What do you think of Beck who has totally different sonic characteristics from song to song yet one name? I've seen him go from rap to delta blues and somehow it works. I'm wondering if it's because his name "Beck" doesn't really imply anything. I'm wondering if the more your band name implies a certain sound or style, the less you can comfortably deviate from it. I dunno.

Beck is his own thing. He's a very clever, talented musician and his gift is being able to do exactly as you describe. In some ways I see him as a modern pop version of Frank Zappa. There's only a handful of rock musicians who've been able to pull that sort of thing off and feed themselves.
 
1) Who do you expect to be in the audience?
2) Where are you going to play?

I think if you do a little research you'll find that your 'immature' songs will not attract the same people as your other stuff. Do you think the people who go to Weird AL shows and laugh at his parodies woudl stick around dreamy-eyed if he did a set of sloppy love songs?
 
Yeah, MJB sort of has it. You can use the same name for both types of song if you expect the same audience to like them.
Beck gets away with it because weird and experimental covers a pretty broad range. Once you have a reputation as that kind of musician, you can play pretty much anything. (Although, if he did an album of only twee pop songs, folks might get mad)
 
Yeah, MJB sort of has it. You can use the same name for both types of song if you expect the same audience to like them.
Beck gets away with it because weird and experimental covers a pretty broad range. Once you have a reputation as that kind of musician, you can play pretty much anything. (Although, if he did an album of only twee pop songs, folks might get mad)

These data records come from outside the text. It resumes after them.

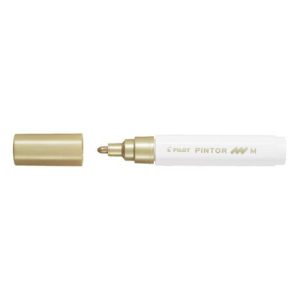 Marker cu vopsea Pilot Pintor Metalic varf rotund 4.5 mm auriu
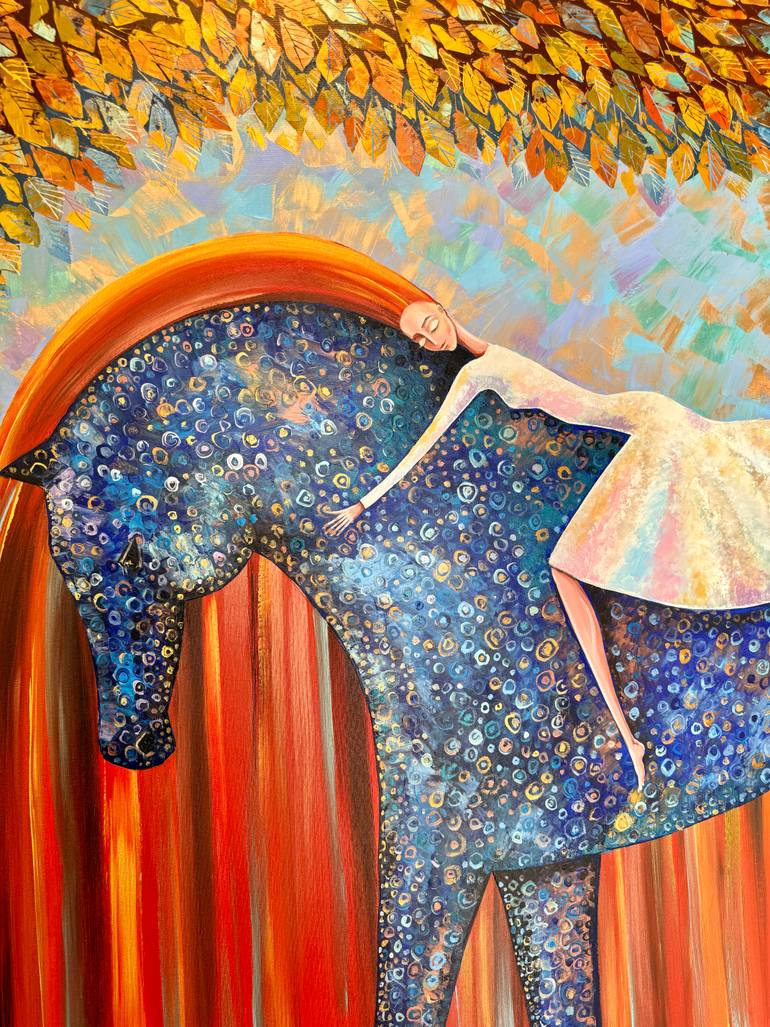 Original Art Deco Fantasy Painting by Natalia Rozhdestvenskaya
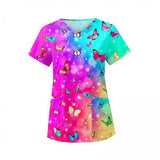 Maxbell 3xWomens V Neck Scrub Top Soft Nurse Work Uniform for Healthcare Beauty Center XL Colorful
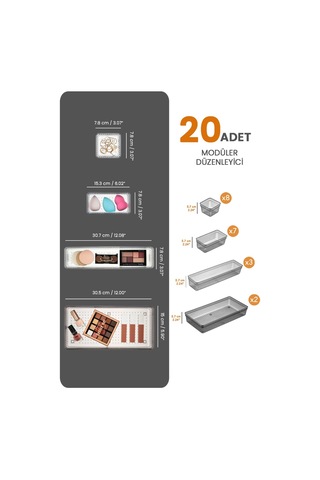 Meleni Home 20 Parça Modüler Dolap Düzenleyici - Saklama Kutusu Çekmece İçi Organizer Siyah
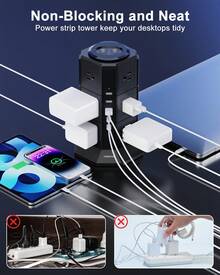 NVEESHOX Surge Protector Electrical Sockets With 4/5 USB Ports(2/3 Type C), 6.5/10FT Extension Cable With 8/12 AC Multi-Sockets, Surge Protector Power Strip Tower With Overload Protection For Home Office Dormitory - 美規B型插(110-127V) - 查看 6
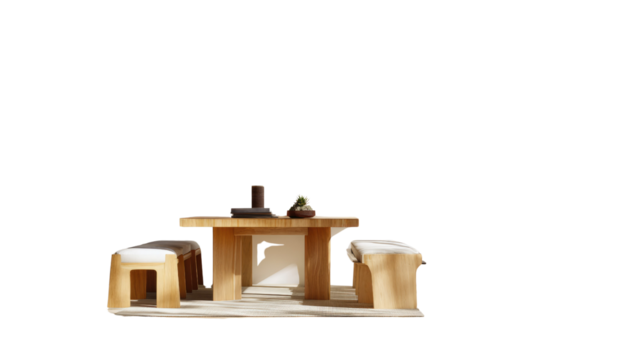 Minimalist Tea Ceremony: A serene setup for a traditional tea ceremony featuring a wooden table, two simple stools, and essential tea-making items. The image evokes a sense of calm and ritual.
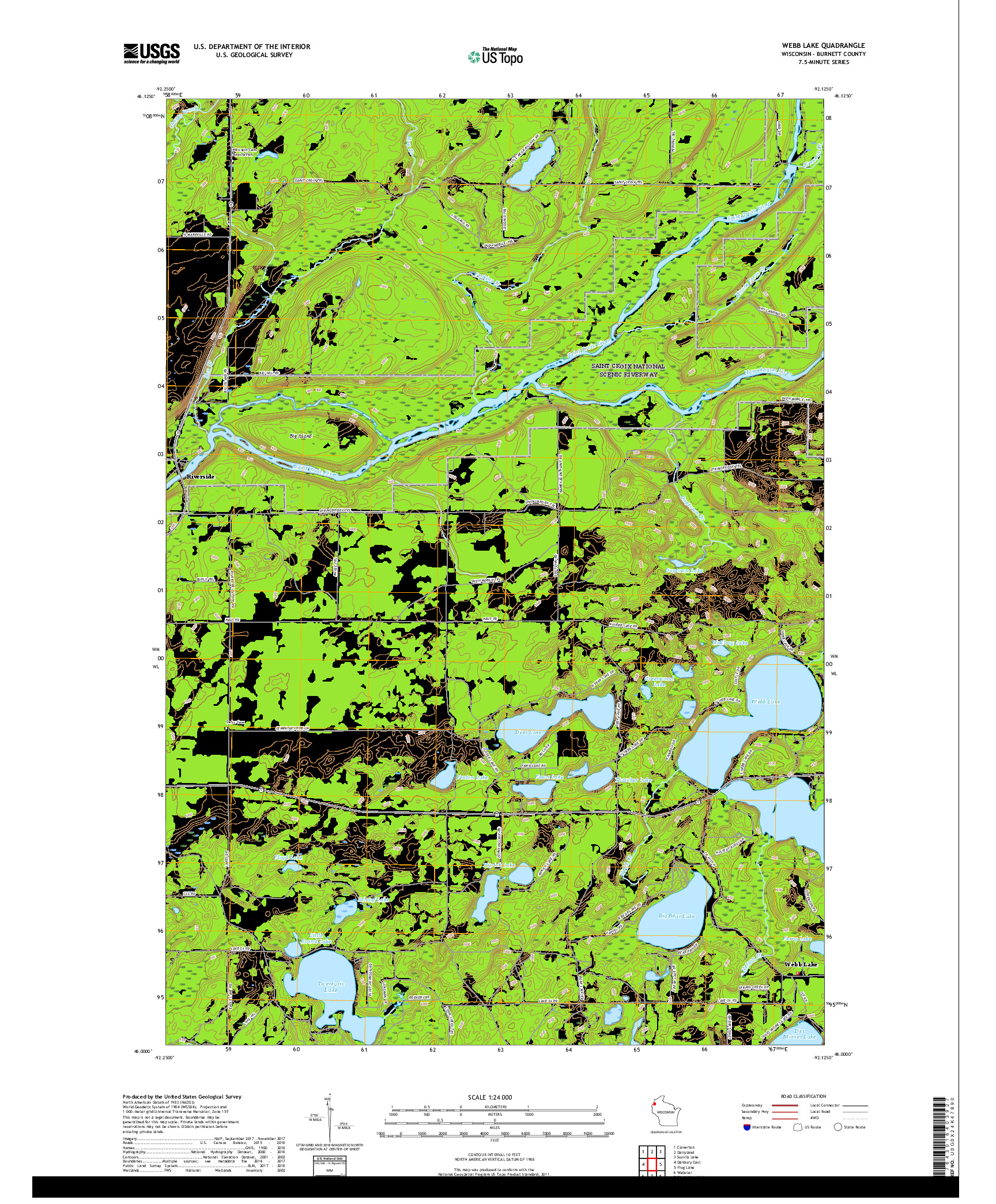 USGS US TOPO 7.5-MINUTE MAP FOR WEBB LAKE, WI 2019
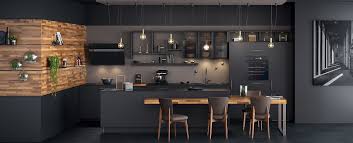 Ambiance Black Cuisine Moderne Amenagement Cuisine Design De Cuisine Moderne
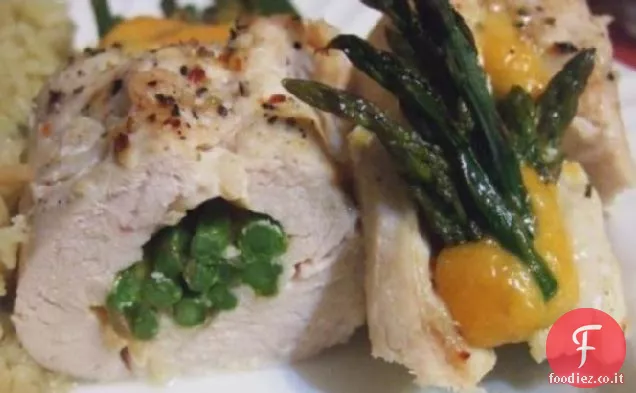 Petti di pollo ripieni di asparagi e cheddar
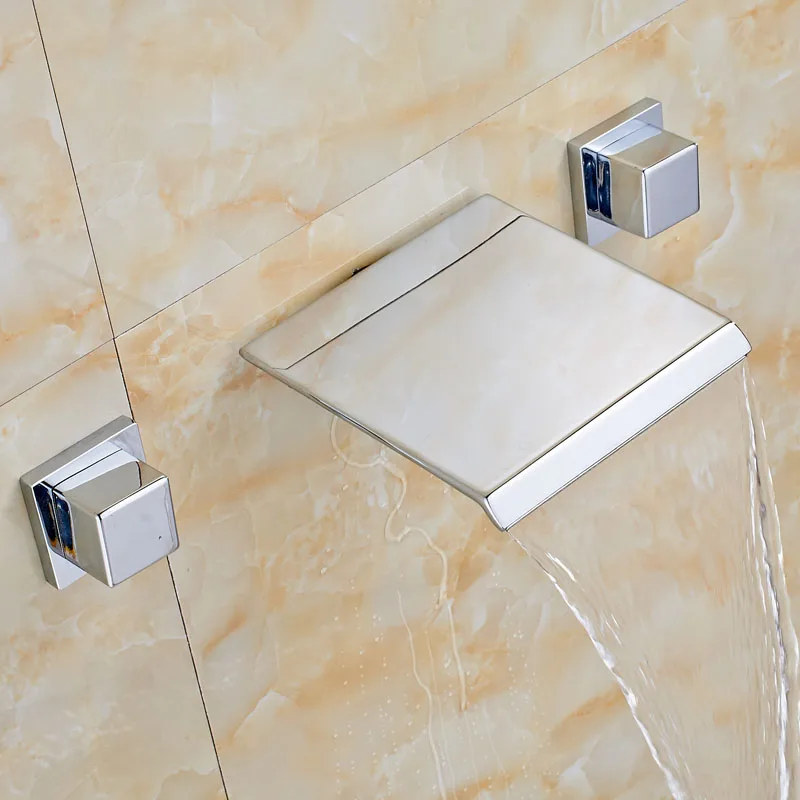 Полированное хромированное настенное крепление водопад раковина для ванны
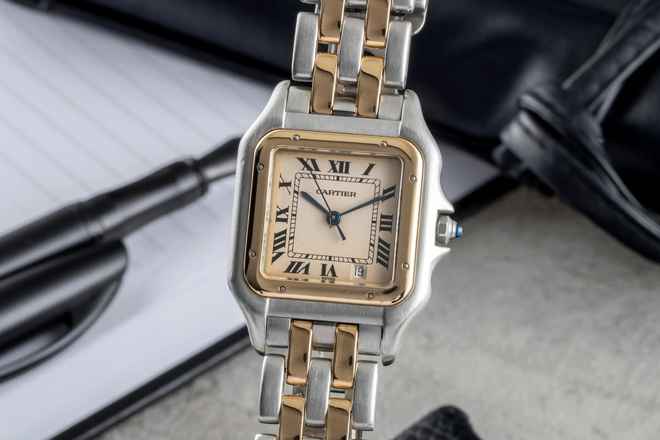  Cartier Panthère Lady Stahl / Gold Datum Damenuhr Ref. 83083242 Klassiker 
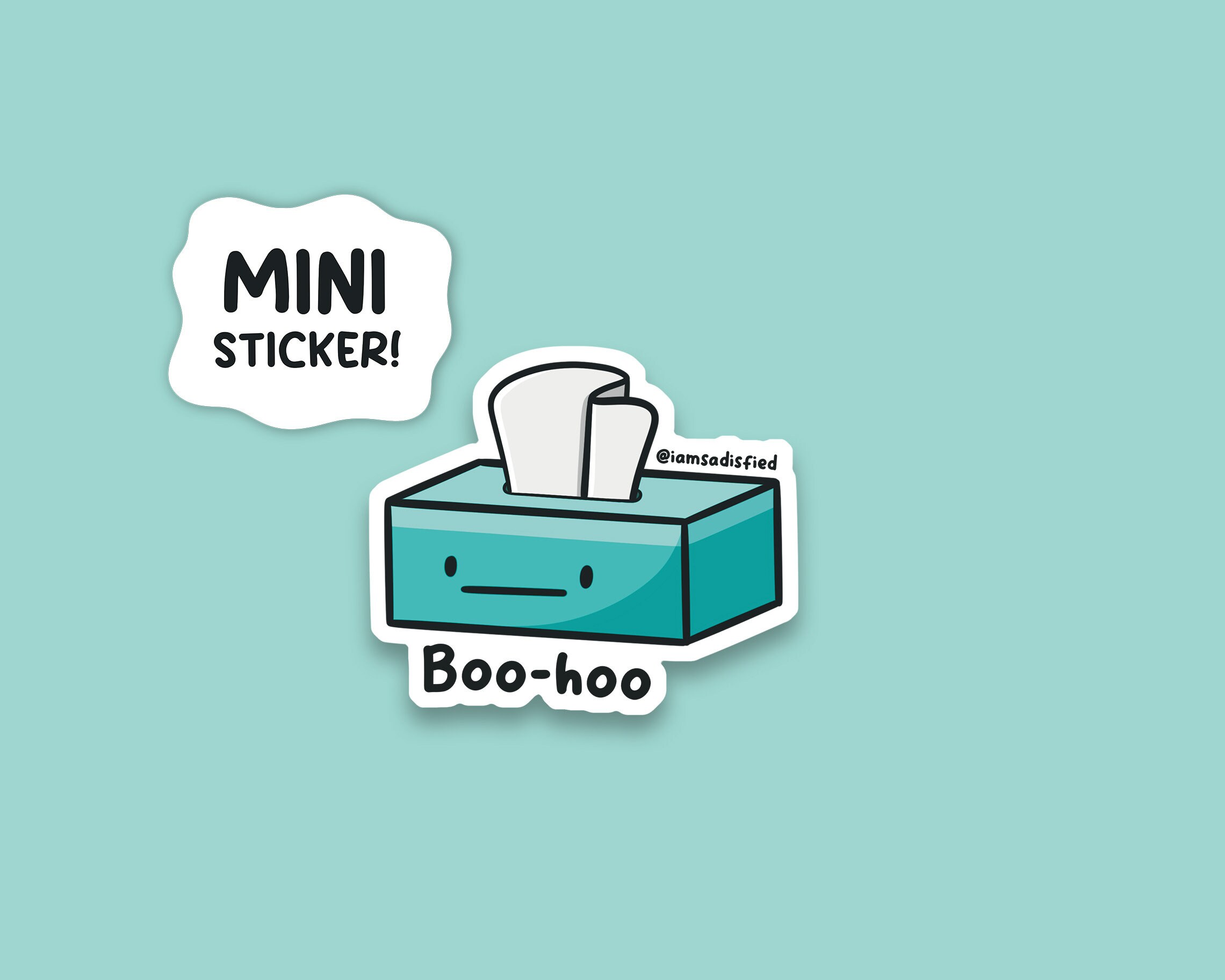 Boo-hoo Mini Sticker | Laminated Matte Vinyl Mini Sticker | Cute Mini ...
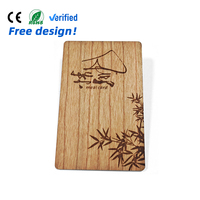 Fabrik-Großhandel ISO14443A NFC 13,56MHz Holz-RFID-Karte mit 1K-Chip, Wasserdicht, Gravur-Logo und Farbdruck
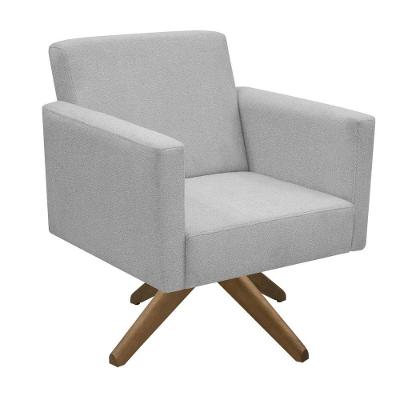 Poltrona Jade Aconchego Decor Tecido Boucle Base Giratória Cinza Escuro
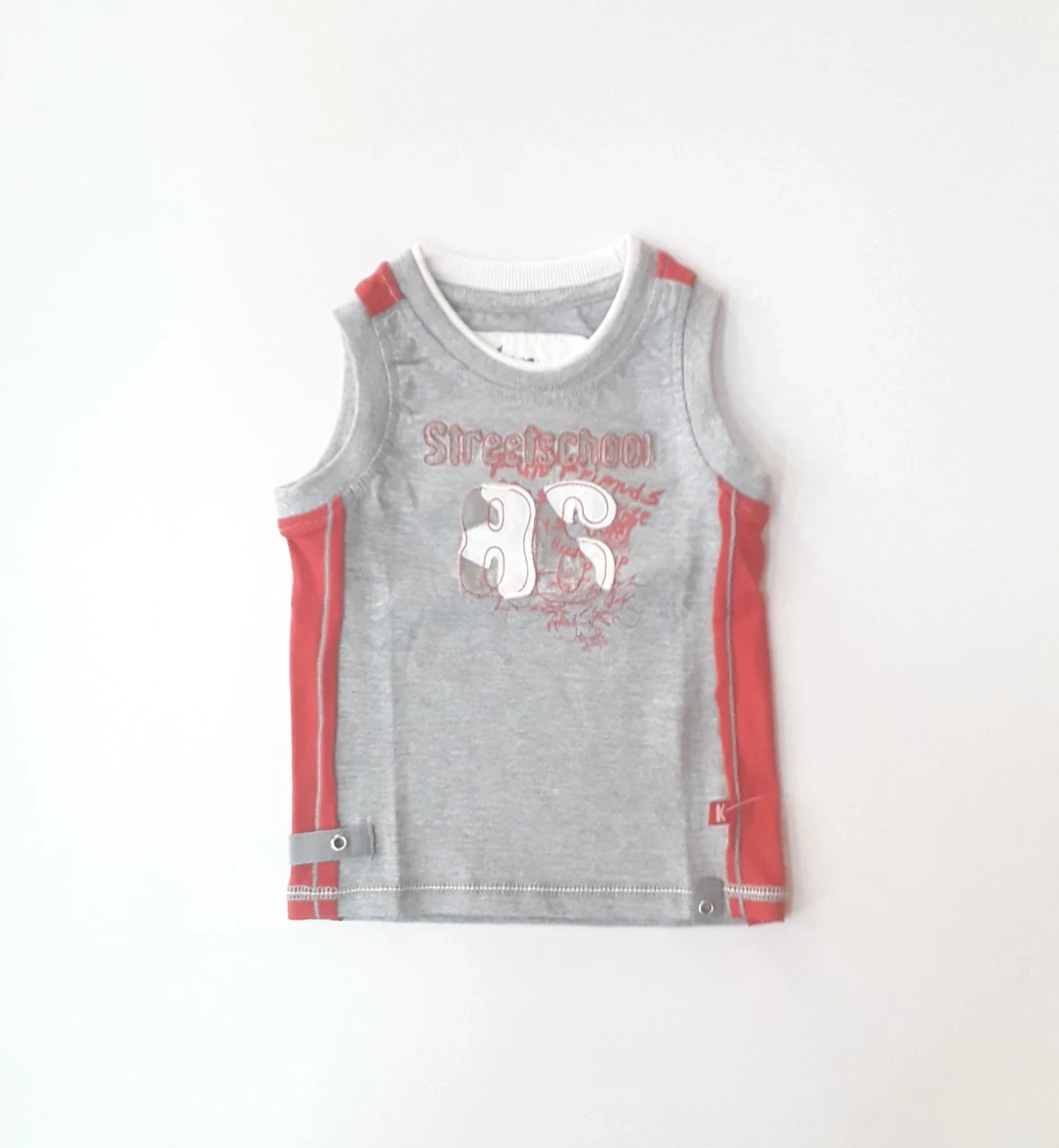 Kanz Majica za dečake na bretele KNZ1116888, Sivo-crvena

What do you think of Beck when he did Sea Change? That album is focused and mostly one style (slow and country-ish). So on an album like that, even with his reputation for being weird and experimental, would a punk song or funny song be out of place? I think so, right? That's probably why he put them all on one album. Then he did that more recent slow keyboard/atmospheric album and it's all that one style. So it's more like he changes style album to album instead of song to song. Hm
 
When I think of Beck I think of an artist who works pretty hard at appearing unconcerned about other artsts' norms, and that aesthetic informs his sound, repertoire, and sequencing decisions.
 
In the end, it doesn't really matter all that much what you call yourself.

After all, cheesy names like "The Beatles" or "The Hollies" did not hold those groups back.

I think you should call your band "New Original Lyrical Art".
 
What do you think of Beck when he did Sea Change?

I thought, "on second thought, I don't think I like Beck... I'm not gonna listen to this album." :D

He probably could have gotten away with a funny or punk song, but he would have needed the self-awareness to sequence and master it correctly.
If your album is all introspective and sad, you can get away with one goofy song right at the end pretty easily. A "secret track" or something to lighten the mood and cleanse the listener's palette.
Two goofy songs in a mostly serious album is a harder sell, but you can maybe treat it as sides, each with a palette cleanser.
Any more than that, and you no longer have a consistent theme in the album, and that inconsistency needs to become your theme.
 
The trick to doing that sort of thing as one band will be how you arrange the set list. IF there is a flow to the show, it can work.

However, one of the cool things about playing live is finding out what an audience responds to and what they don't. When you figure out which songs don't go over, you can just stop putting them in your set. Eventually the problem takes care of itself.